─── Provided records
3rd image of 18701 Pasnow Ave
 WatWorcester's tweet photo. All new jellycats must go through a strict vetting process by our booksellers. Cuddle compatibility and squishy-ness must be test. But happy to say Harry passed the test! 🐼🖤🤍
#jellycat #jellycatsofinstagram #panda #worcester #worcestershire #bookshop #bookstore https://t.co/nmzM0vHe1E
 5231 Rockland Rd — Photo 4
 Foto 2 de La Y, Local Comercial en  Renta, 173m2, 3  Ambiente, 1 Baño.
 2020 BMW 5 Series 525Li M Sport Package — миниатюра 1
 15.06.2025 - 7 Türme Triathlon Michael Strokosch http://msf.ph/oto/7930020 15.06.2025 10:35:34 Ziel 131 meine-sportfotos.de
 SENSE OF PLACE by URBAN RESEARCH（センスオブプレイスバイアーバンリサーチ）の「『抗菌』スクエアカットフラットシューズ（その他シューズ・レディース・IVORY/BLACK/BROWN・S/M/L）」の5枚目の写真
──────
▶ _What is required_
Having found the line that contains "Foto 2 de La", set down that line and all the rest through the end of the records, exactly.

▶ _Task solution_
 Foto 2 de La Y, Local Comercial en  Renta, 173m2, 3  Ambiente, 1 Baño.
 2020 BMW 5 Series 525Li M Sport Package — миниатюра 1
 15.06.2025 - 7 Türme Triathlon Michael Strokosch http://msf.ph/oto/7930020 15.06.2025 10:35:34 Ziel 131 meine-sportfotos.de
 SENSE OF PLACE by URBAN RESEARCH（センスオブプレイスバイアーバンリサーチ）の「『抗菌』スクエアカットフラットシューズ（その他シューズ・レディース・IVORY/BLACK/BROWN・S/M/L）」の5枚目の写真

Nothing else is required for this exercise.